Das EPFL-Team implantierte Geräte über der Region des Gehirns, die für die Steuerung der Beinbewegungen verantwortlich ist. Diese Geräte dekodieren die elektrischen Signale, die das Gehirn erzeugt, wenn der Patient ans Gehen denkt.EPFL

Oskam war Teilnehmer an früheren Forschungsarbeiten dieser Gruppe zur Entwicklung der Wirbelsäulenstimulationstechnologie, die im aktuellen BSI verwendet wird. Frühere Geräte waren in der Lage, natürliche Gehbewegungen in Oskams Beinen nachzubilden und die Kontraktion der vielen Muskelgruppen in seinen Hüften, Oberschenkeln, Waden und Füßen zu koordinieren.

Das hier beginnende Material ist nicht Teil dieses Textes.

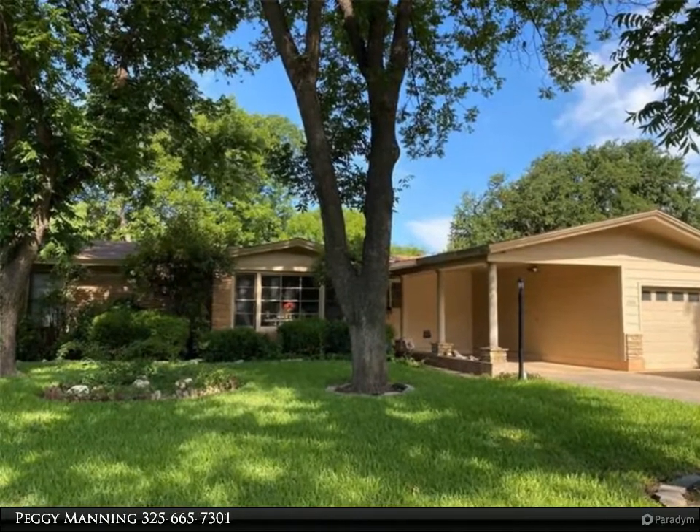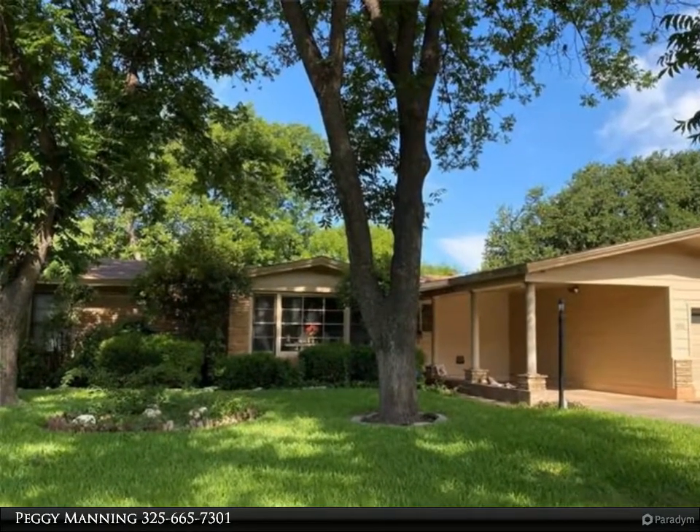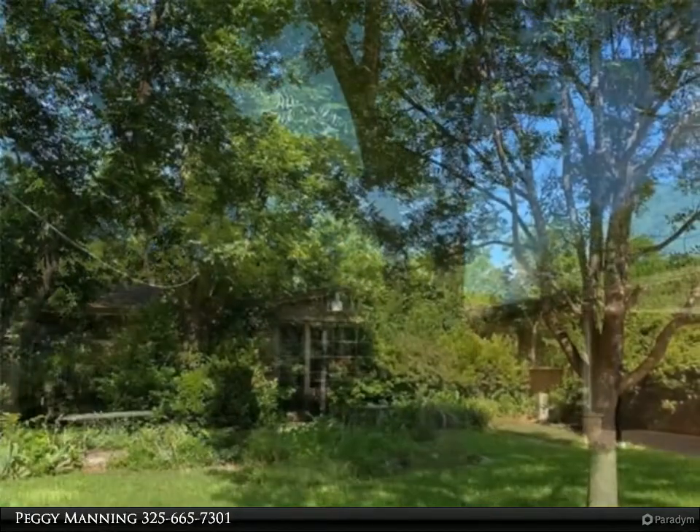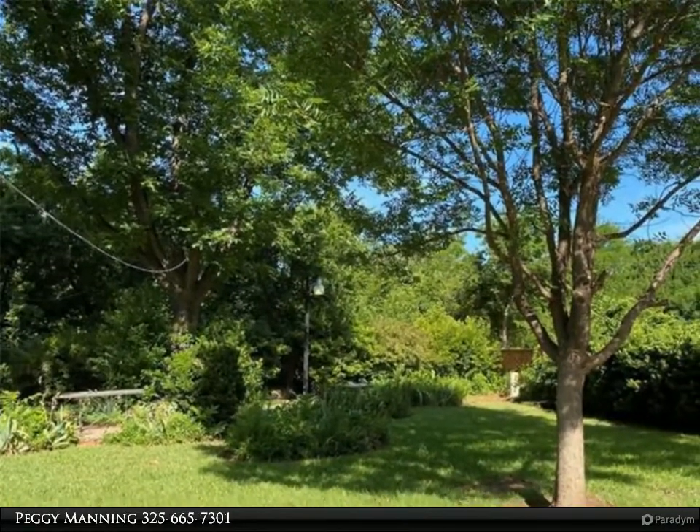The Center Realtor's property video is presented by Peggy Manning. Location, location, location! Adorable three-bedroom, two-bath situated on a beautiful creek bank, tree-shaded lot.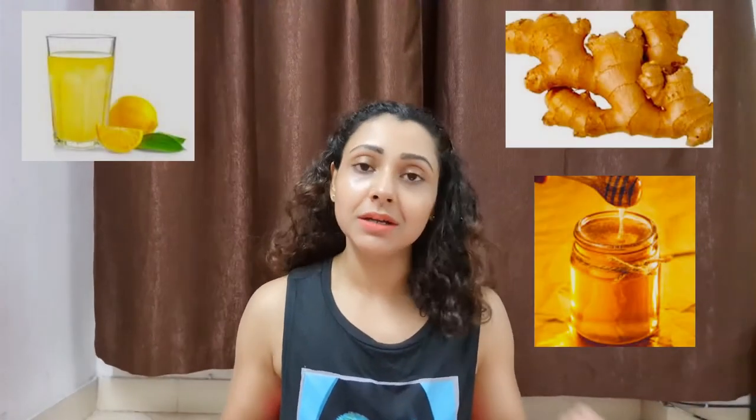Tip number two: every 2 hours during the day you should consume some alkaline food, like lemon juice, ginger, beet, or honey — the juices and liquids I have mentioned before. All of these foods are alkaline and will help ensure you do not get acidic.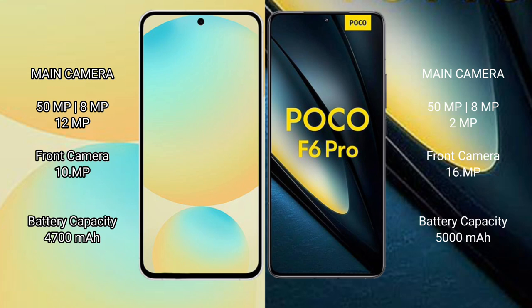The Samsung Galaxy S24 FE has a 4,700mAh battery with 25W fast charging support. The Poco F6 Pro has a 5,000mAh battery with 120W fast charging support.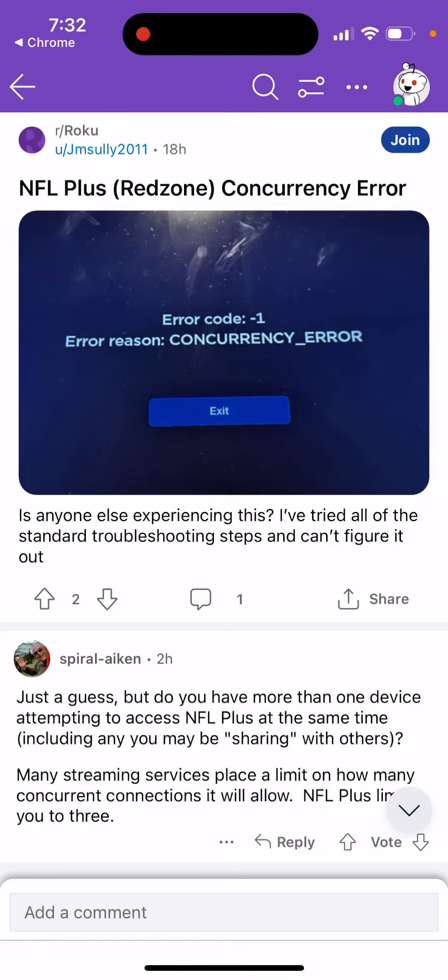A lot of users are reporting error code -1, error reason: concurrency error in NFL Plus, and there are a lot of new subreddits around it. Is anyone else experiencing this? I have tried all of the standard troubleshooting steps and can't figure it out.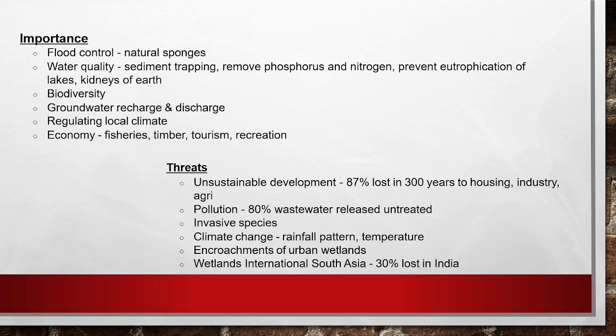As per some reports, 87% of wetland has been lost over 300 years due to housing, industry, and agriculture. About 80% of wastewater is released untreated, threatening Ramsar sites. Invasive species are also affecting them. Climate change — including shifting rainfall patterns and rising temperatures — is a threat as well. As per an international South Asia report, 30% of Indian wetlands have been lost.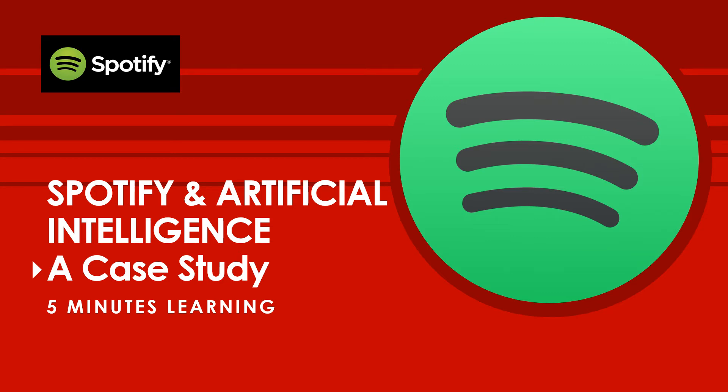Hi viewers. Today in this video let's see the case study of Spotify on how they use artificial intelligence to win the music streaming world.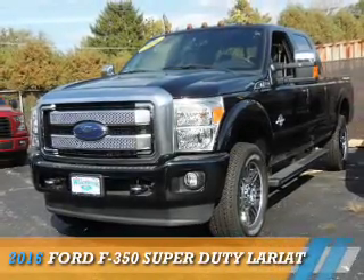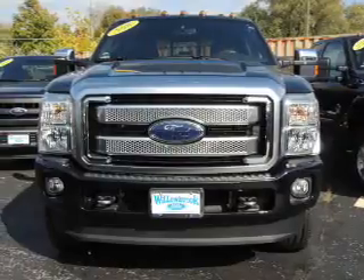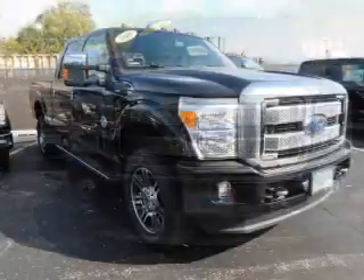This could be the vehicle you're looking for. It's powered by four-wheel drive, a 6.7-liter, eight-cylinder engine, and a six-speed automatic transmission.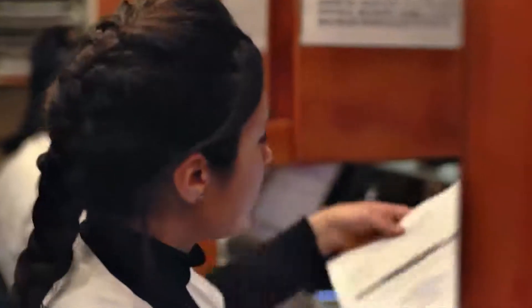My name is Catherine Radier. I'm a private radiologist and I work in a clinic doing a lot of musculoskeletal and osteoarticular pathology.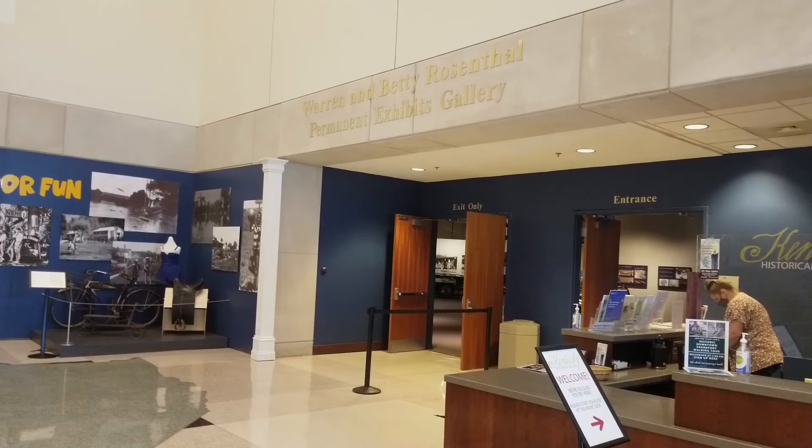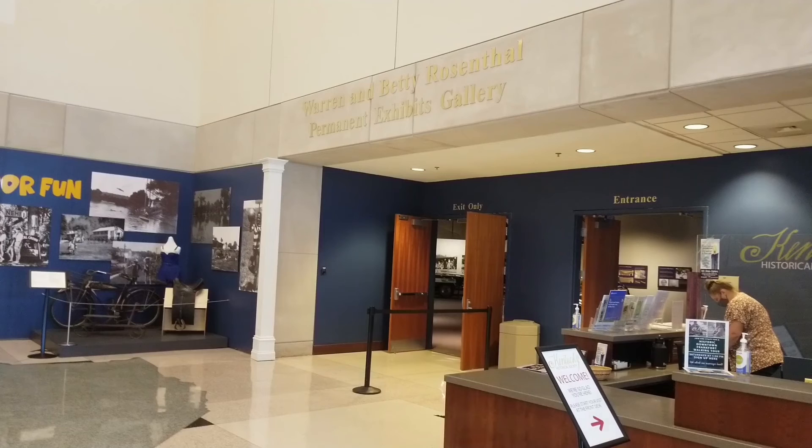Just past the front desk, go to the left and you'll see the entrance into the museum. As I said in my first video about this, it's going to take you several hours to go through the museum if you take the time to look at each item. You could possibly go through it in as little as 40 minutes if you just want to peruse through it.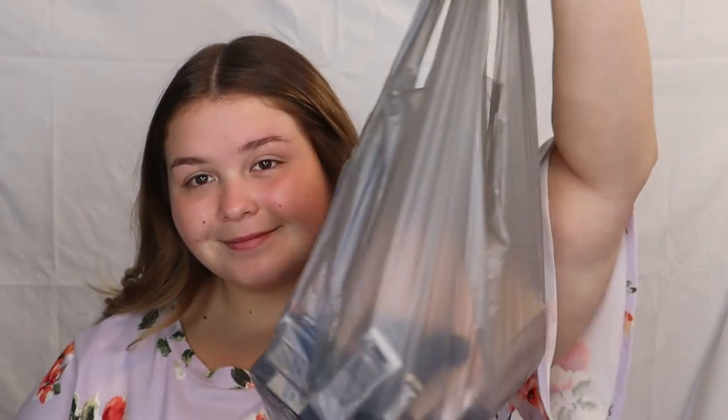Hey y'all, it's Kinsey here. Welcome back to my channel, or welcome if you're new! Today we are going to be diving into the world of drugstore makeup, so if you want to find an affordable option, just keep watching. I wanted to do this drugstore favorites video because you don't have to have expensive makeup for it to be good.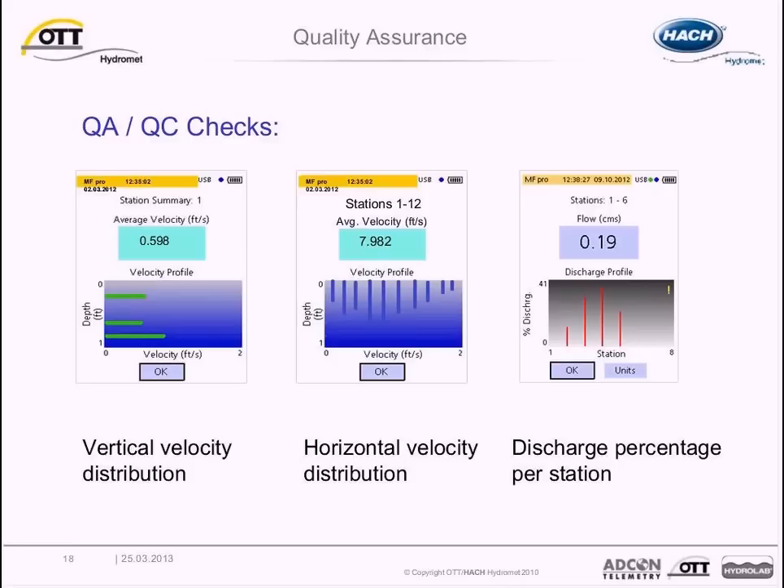Looking at some of the QA/QC checks already in the handheld: at the end of a discharge measurement, total discharge is calculated based on the user-defined discharge method — the default is midsection. A depth and velocity profile is also available in the channel summary, and the percent discharge per station is shown. The display provides all this information automatically without any additional processing or effort.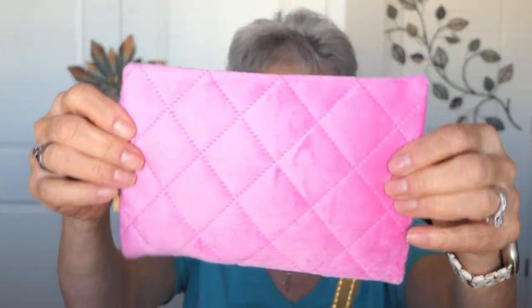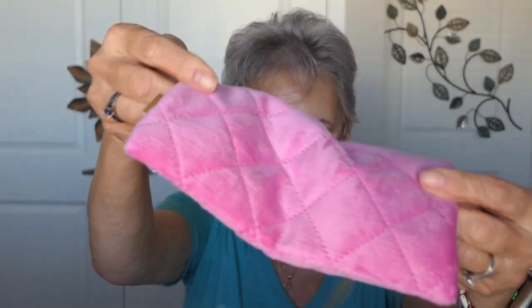Okay my wild and crazy ladies, it is time for the Ipsy reveal! This has made me crazy because I've had it here over a week and I have not opened it. Alright, let's just get to it. What a pretty bag — look, it's a pretty pink bag. It's not very Christmassy.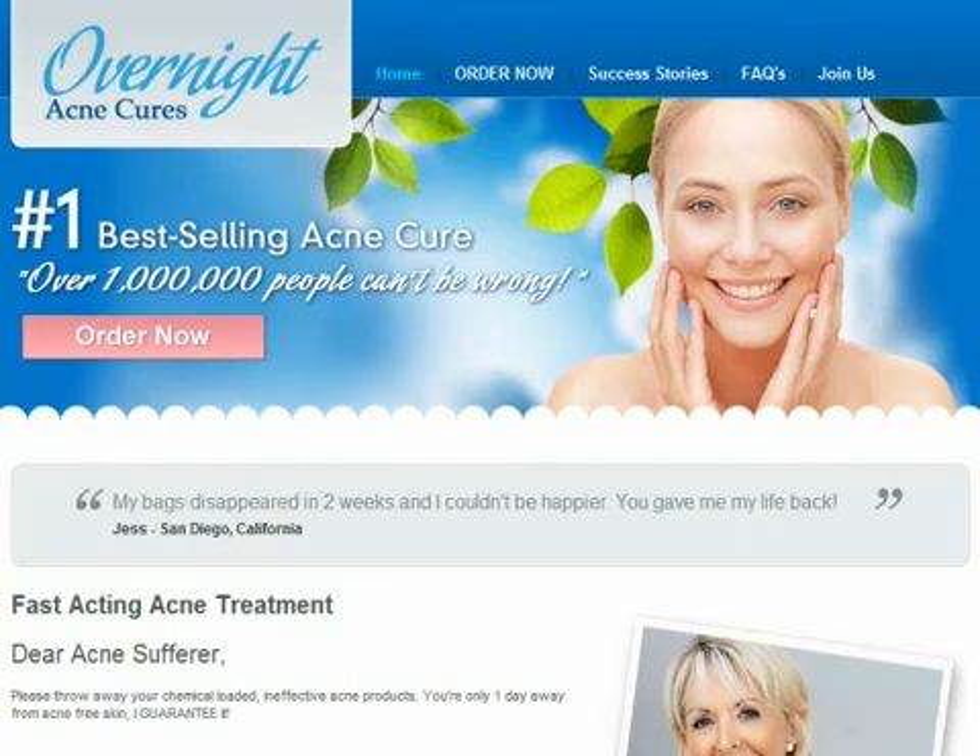Hi everyone, welcome to my video review on Overnight Acne Cures by Louise Griffin.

Während sich diese Bewegung für Oskam einigermaßen natürlich anfühlte, war dies beim Steuerungssystem des Originalgeräts nicht der Fall: Um Schrittbewegungen einzuleiten, achtete das System auf kleine Kontraktionen, die Oskam noch in der rechten Hüfte ausführen konnte, und bewegte dann seine Beine entsprechend.

Jimmy Ravier/EPFL

Die Hinzufügung der Gehirn-Computer-Schnittstelle zur Vervollständigung des BSI-Systems macht die Gehsteuerung deutlich intuitiver. Auf einer Pressekonferenz kommentierte Oskam die Verbesserung mit den Worten, dass im alten System „die Stimulation mich kontrollierte. Jetzt kontrolliere ich die Stimulation.“

Ein weiterer Vorteil des BSI ist eine gewisse Reparatur des beschädigten Gewebes in Oskams Wirbelsäule. Nachdem Oskam und die Forscher über einen Zeitraum von Wochen und Monaten gelernt hatten, das Stimulationssystem zu nutzen, stellten sie fest, dass er wieder in der Lage war, seine Beine ohne die Hilfe des Geräts zu bewegen. Sie erlebten diese Erholung zum ersten Mal, als Oskam lernte, ihr ursprüngliches hüftgesteuertes Stimulatorsystem zu verwenden, erlebten jedoch eine wesentlich stärkere Heilung der Wirbelsäule durch die Hinzufügung der gehirngesteuerten Steuerung.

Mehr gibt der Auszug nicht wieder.